* [Extracted material]
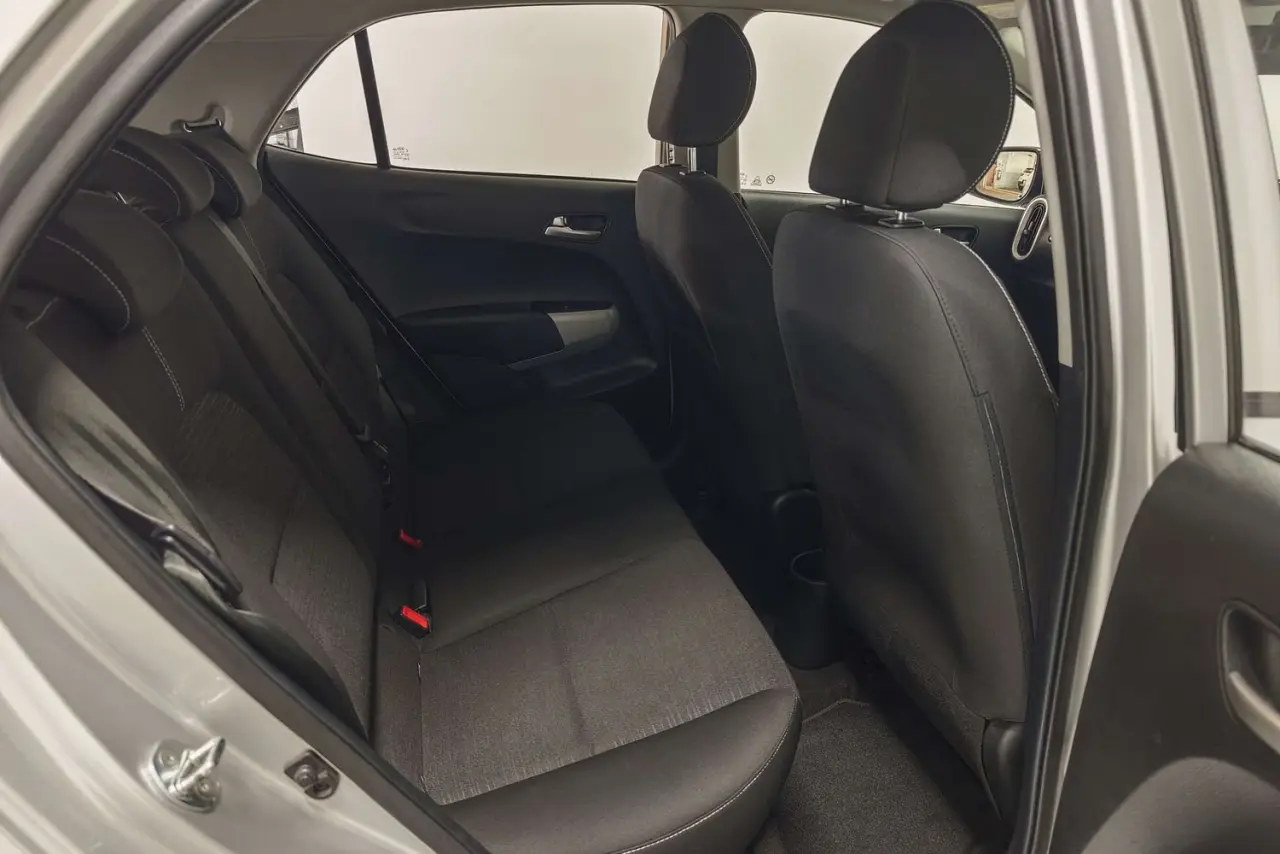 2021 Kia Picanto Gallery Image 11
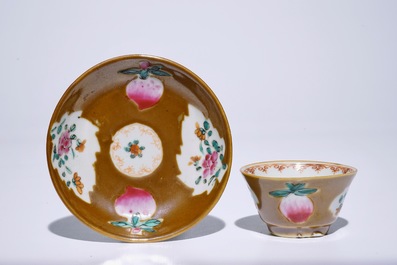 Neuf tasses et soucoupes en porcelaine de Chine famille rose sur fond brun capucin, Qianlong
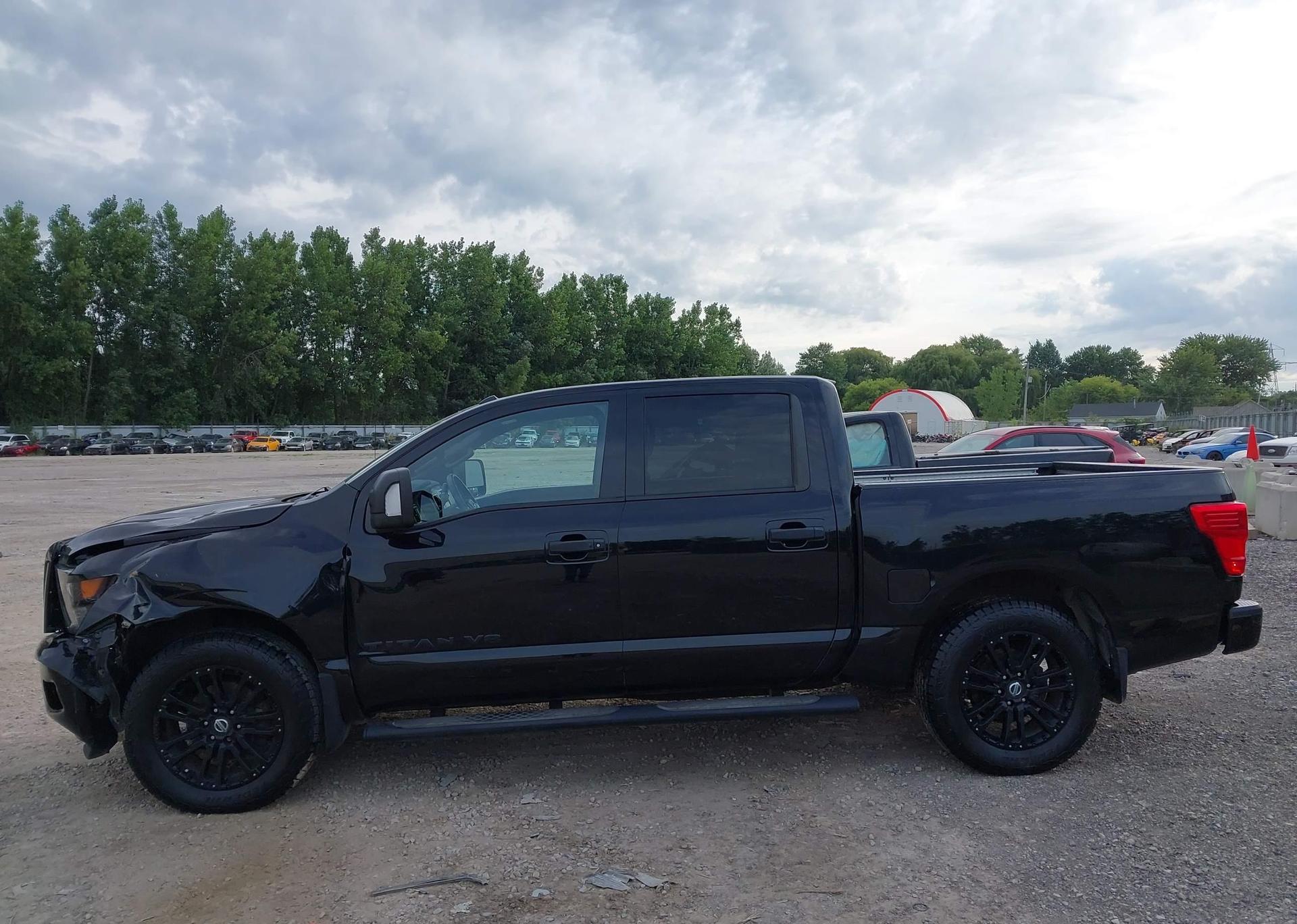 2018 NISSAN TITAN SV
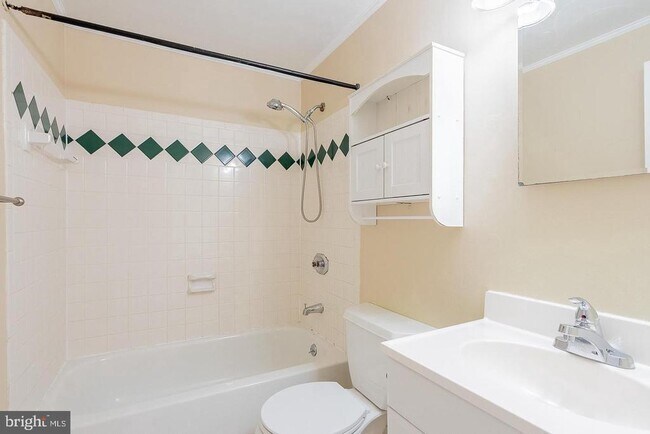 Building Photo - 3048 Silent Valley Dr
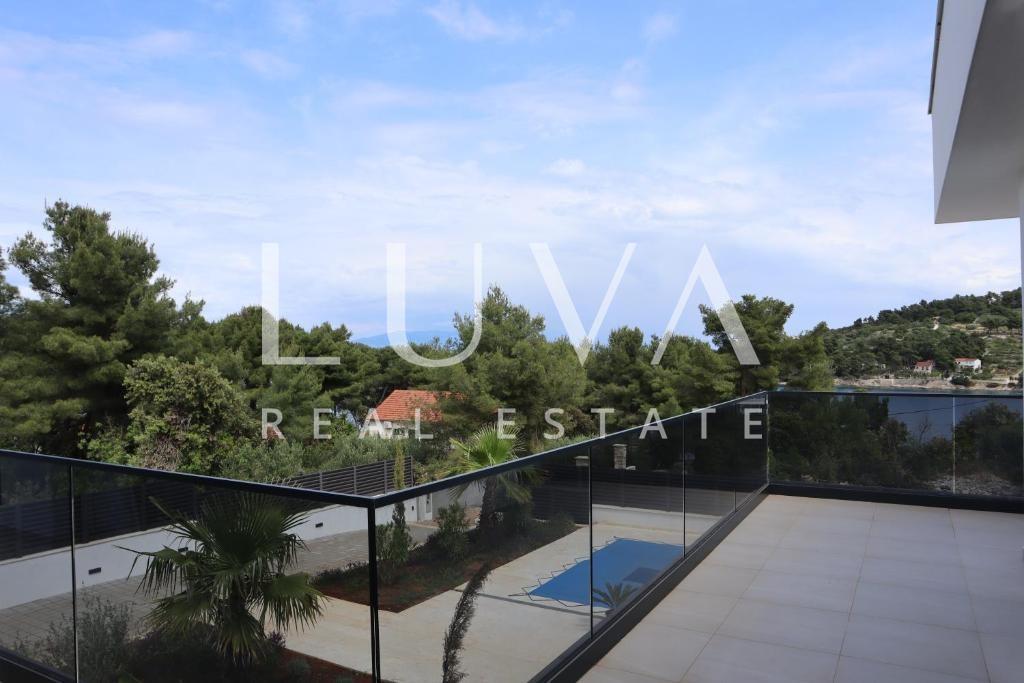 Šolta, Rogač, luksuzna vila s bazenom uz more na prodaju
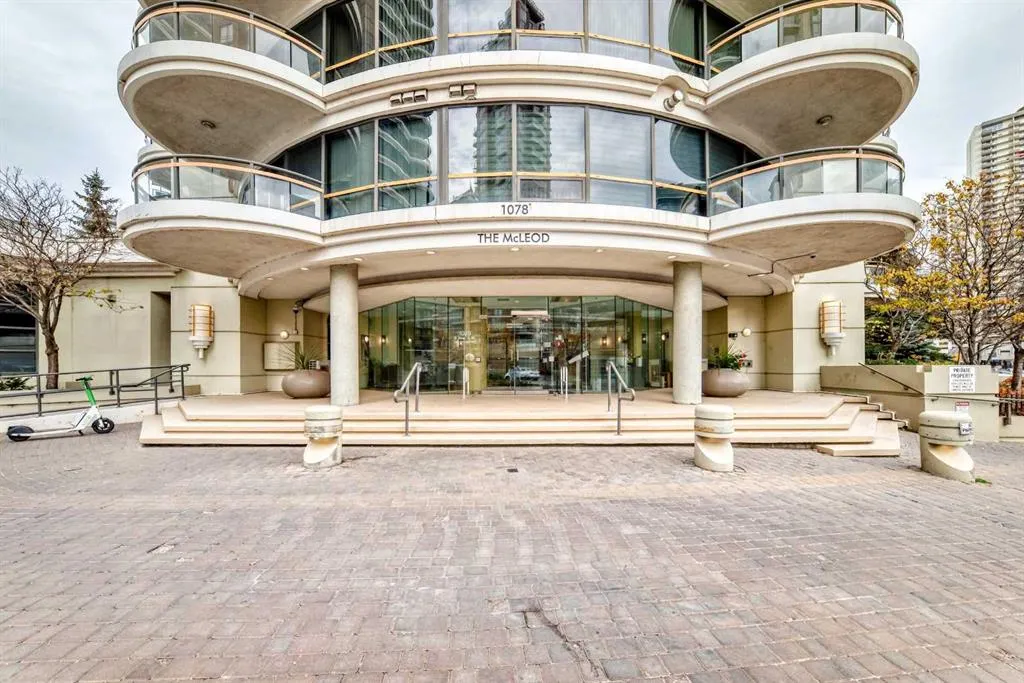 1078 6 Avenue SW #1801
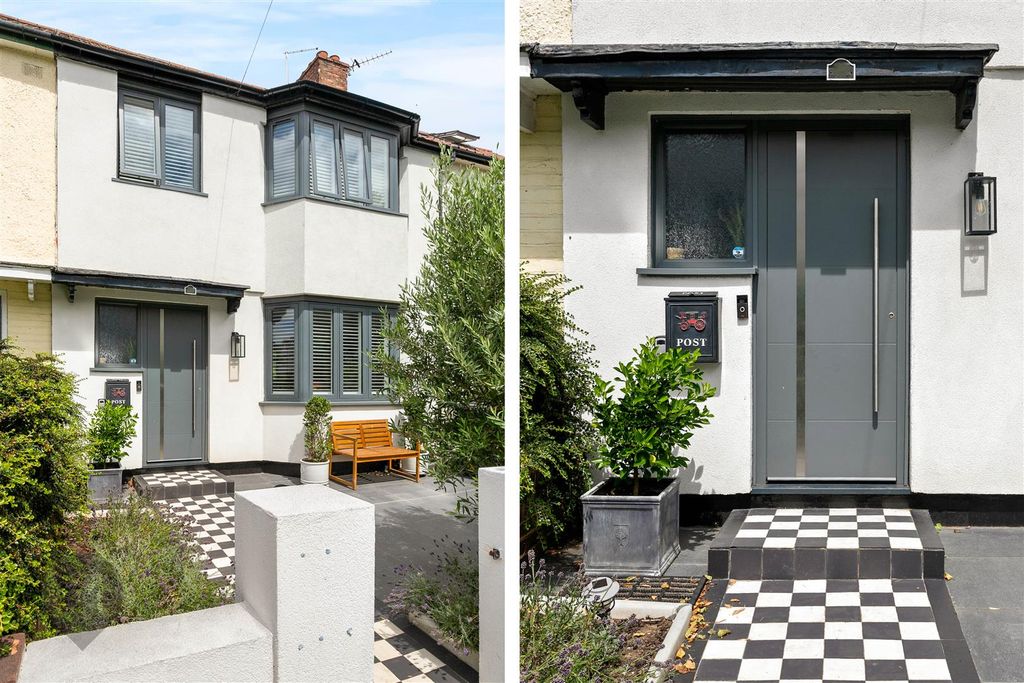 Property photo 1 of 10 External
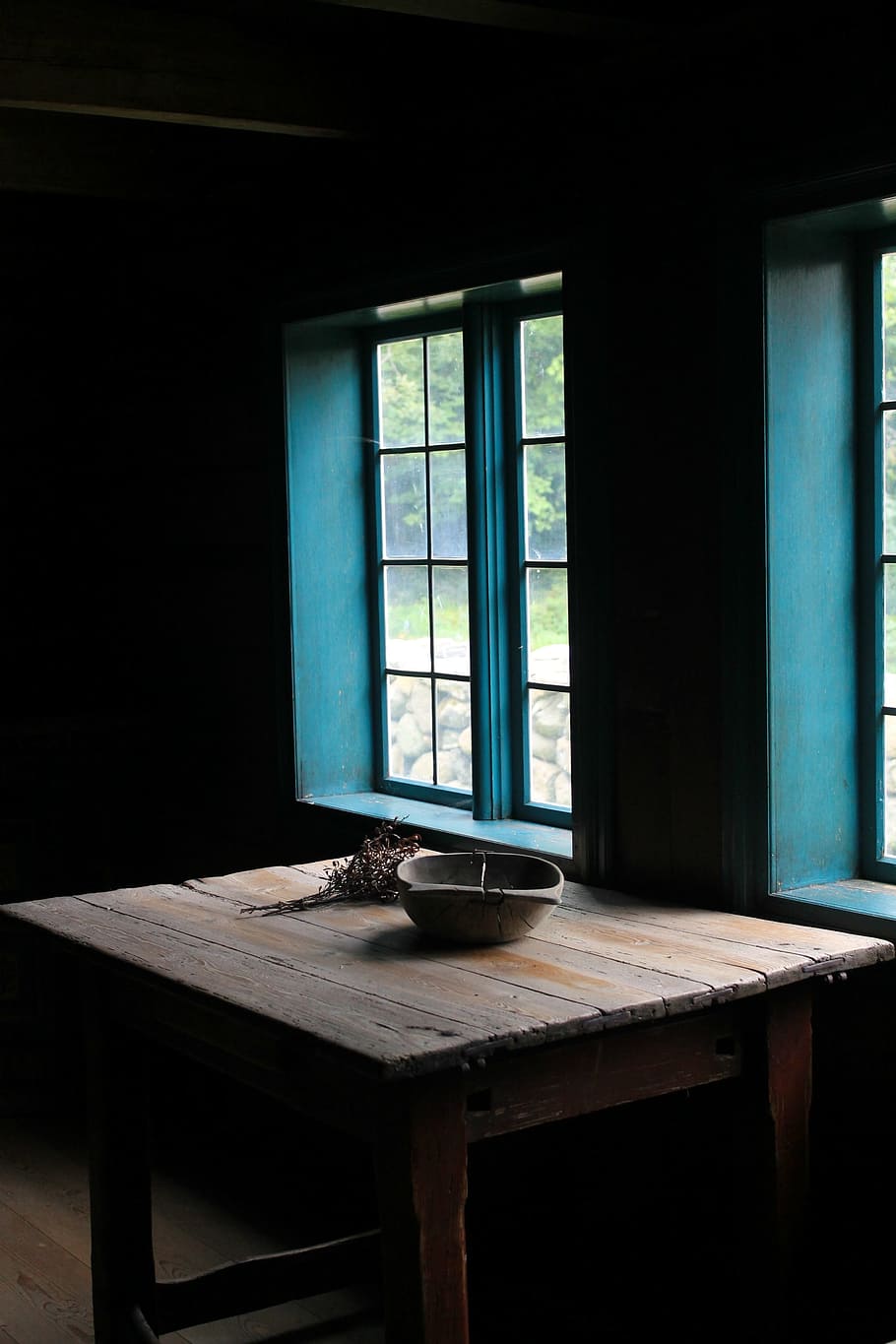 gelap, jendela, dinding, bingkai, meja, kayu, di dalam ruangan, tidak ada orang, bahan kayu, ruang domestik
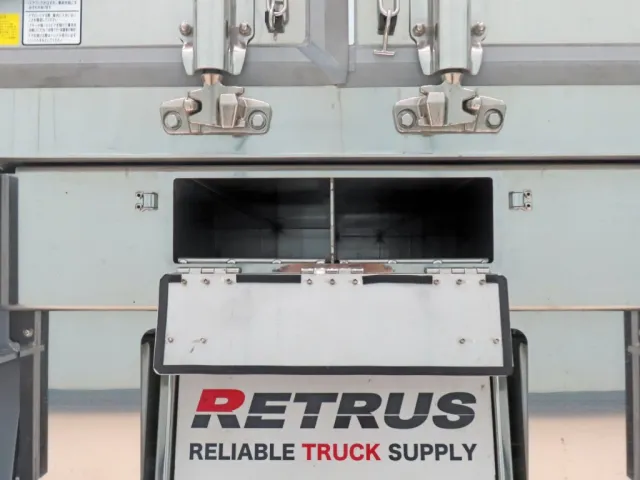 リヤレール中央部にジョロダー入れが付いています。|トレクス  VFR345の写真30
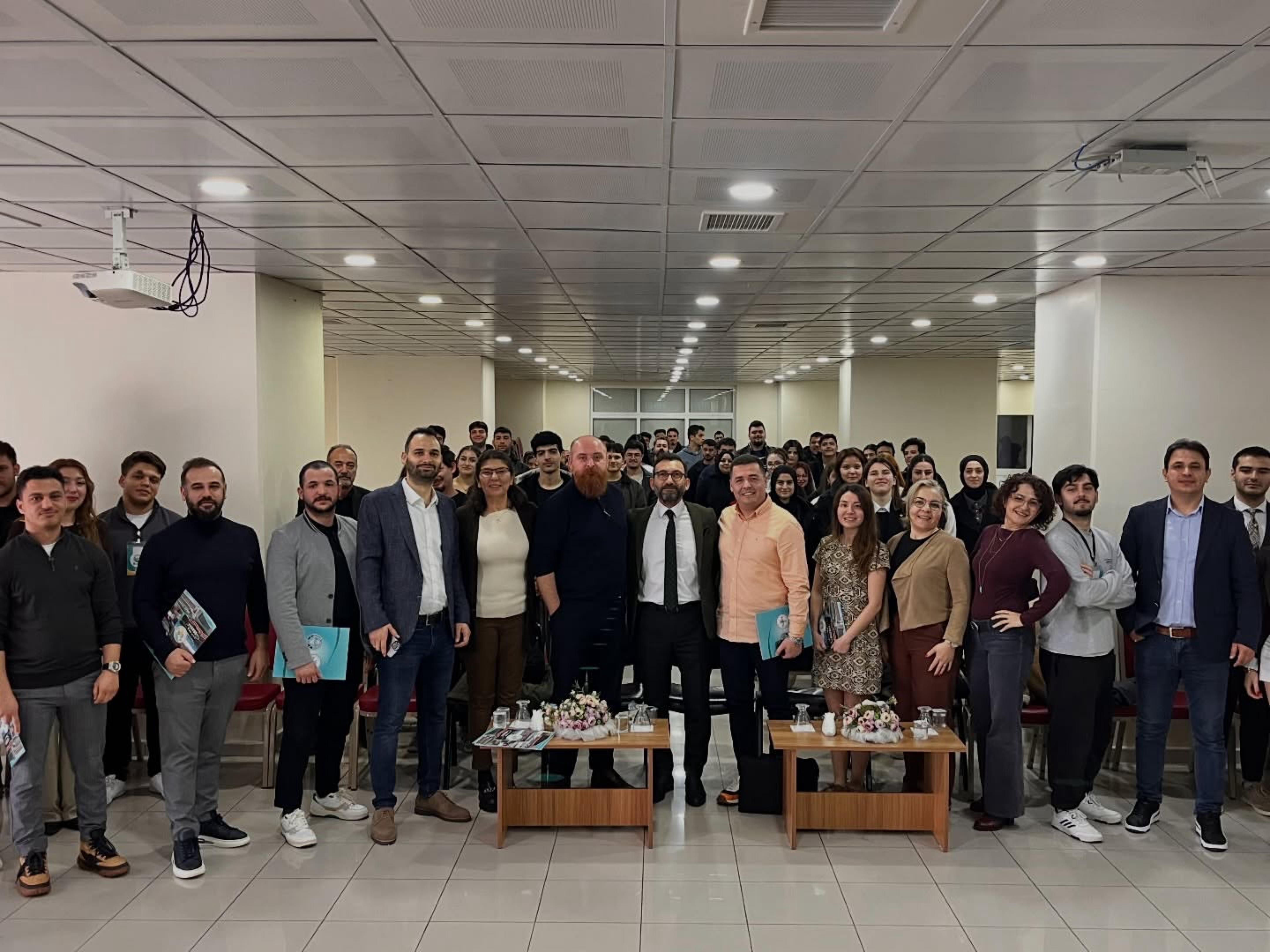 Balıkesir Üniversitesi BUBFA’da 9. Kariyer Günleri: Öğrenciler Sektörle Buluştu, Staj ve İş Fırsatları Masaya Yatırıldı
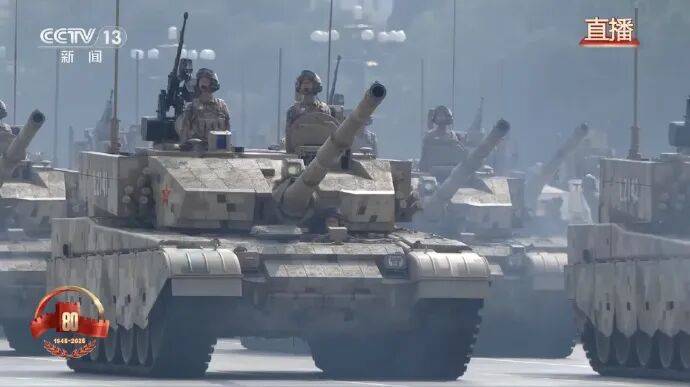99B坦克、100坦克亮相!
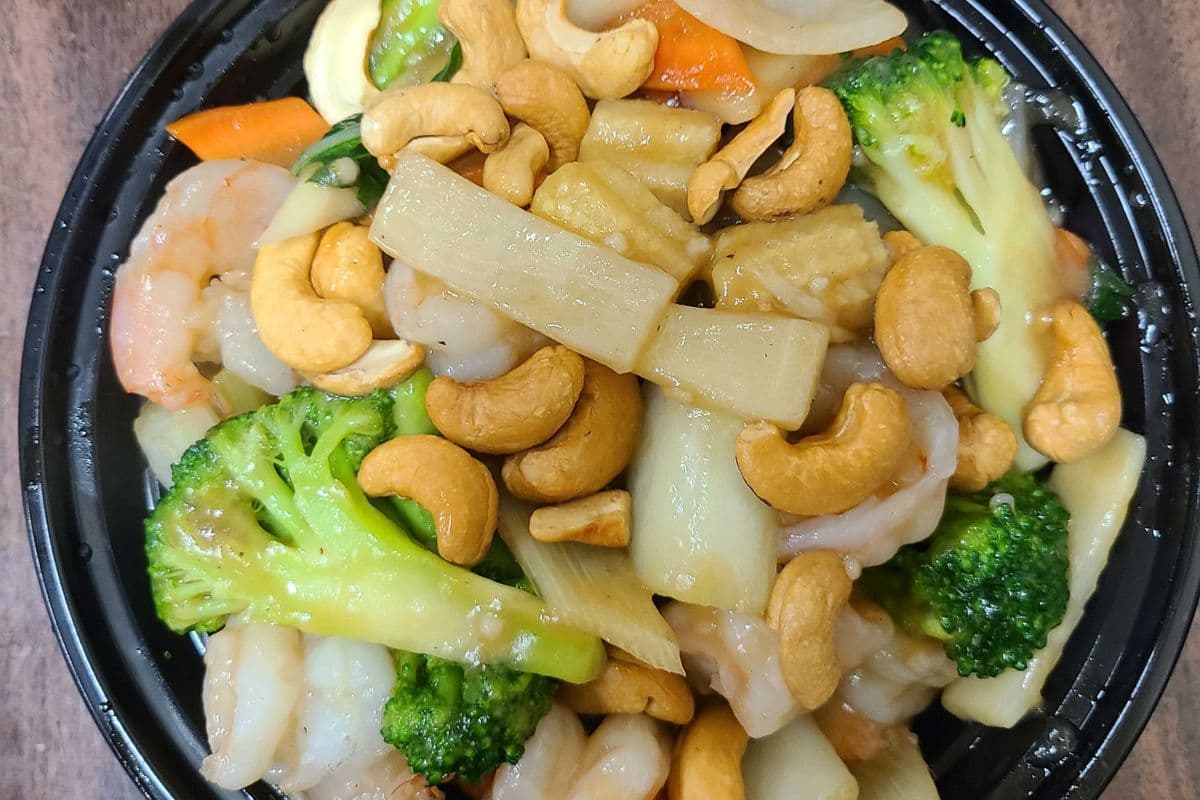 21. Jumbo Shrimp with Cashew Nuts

* [Task description]
Except for the pictures, copy the material above exactly.

* [Response to the task]
 2021 Kia Picanto Gallery Image 11
 Neuf tasses et soucoupes en porcelaine de Chine famille rose sur fond brun capucin, Qianlong
 2018 NISSAN TITAN SV
 Building Photo - 3048 Silent Valley Dr
 Šolta, Rogač, luksuzna vila s bazenom uz more na prodaju
 1078 6 Avenue SW #1801
 Property photo 1 of 10 External
 gelap, jendela, dinding, bingkai, meja, kayu, di dalam ruangan, tidak ada orang, bahan kayu, ruang domestik
 リヤレール中央部にジョロダー入れが付いています。|トレクス  VFR345の写真30
 Balıkesir Üniversitesi BUBFA’da 9. Kariyer Günleri: Öğrenciler Sektörle Buluştu, Staj ve İş Fırsatları Masaya Yatırıldı
99B坦克、100坦克亮相!
 21. Jumbo Shrimp with Cashew Nuts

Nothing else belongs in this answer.